I believe there are 2 main reasons why a user would send you a private message instead of a publicly available one (in the context of reddit or similar sites).
1) They fear other users might jump the bandwagon on the negative part of their message and want to spare you the humiliation that might come with it.
2) They don't want to become the target of people not agreeing with their point but think it's important enough to let you know.
In the first case you don't really do anything wrong with quoting them directly (preferably with name to give them credit).
In the second case you should never leave any identification on who wrote the message. If you do they might still fall pray and can't do anything about it. This will feel like a big violation of trust.
The problem is that you can never know for sure which of the 2 cases is relevant here as long as they don't confirm that you can quote them.

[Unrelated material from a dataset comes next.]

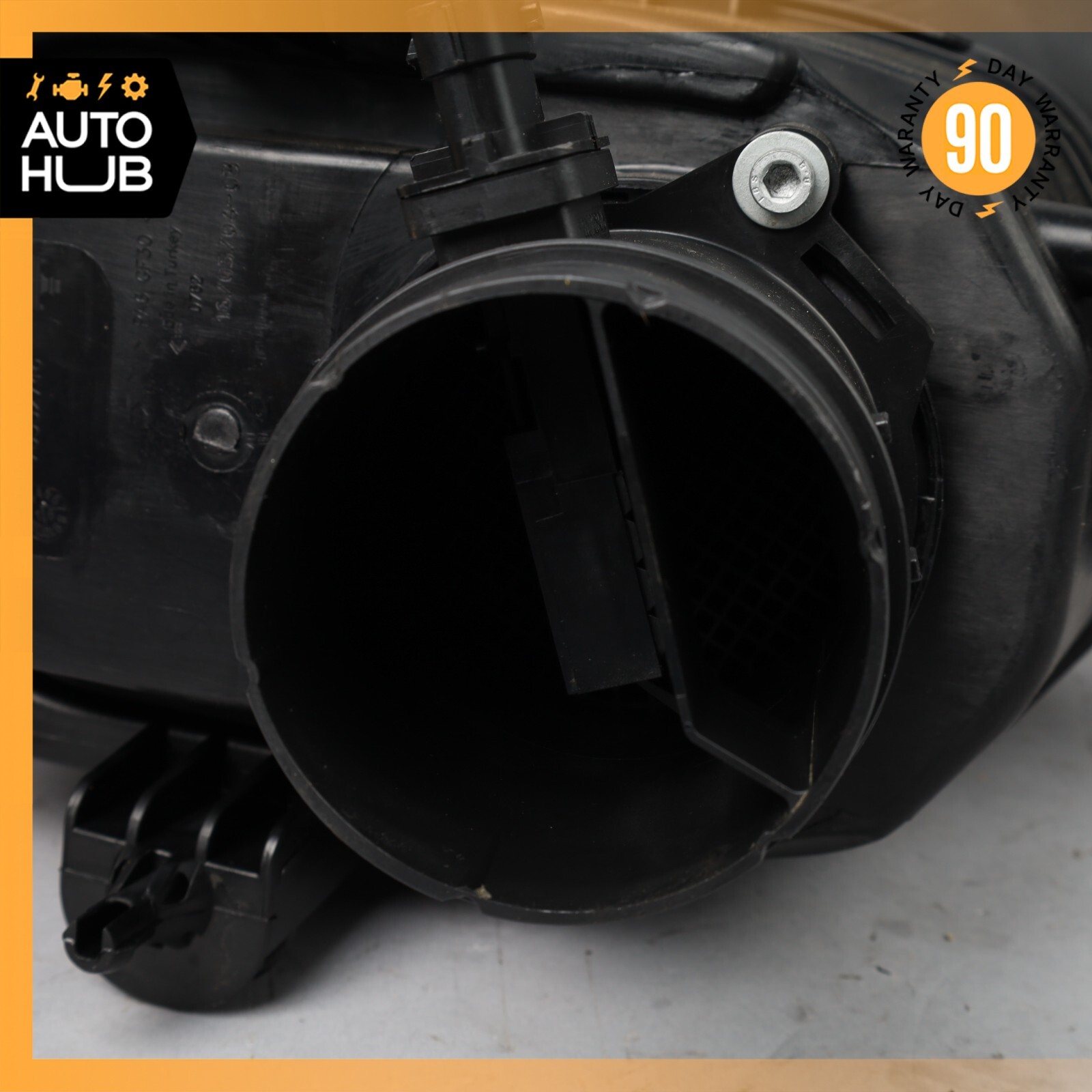 14-18 Maserati Ghibli Quattroporte Engine Air Intake Filter Right 670001543 OEM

In that regard I agree with Monica Cellio's answer that you should be careful with publicly posting anything that was sent to you in private.
What I would do is decide whether the message itself is really important or only the general point it's trying to get across.
If the message itself is important, for example if you don't know if you interpret it correctly, then it makes sense to directly quote it. But I would anonimize it except if you have permission from that user (or know them well enough personally to know they wouldn't mind).
If only the main point is important you are probably better of not quoting the message at all:
I have received a message/messages that my work lacks the rigor of a standard math paper. [continue with point you're trying to make here]
If they really wanted credit for complimenting/insulting/informing/... you they would've done so with a public reply instead of a direct message.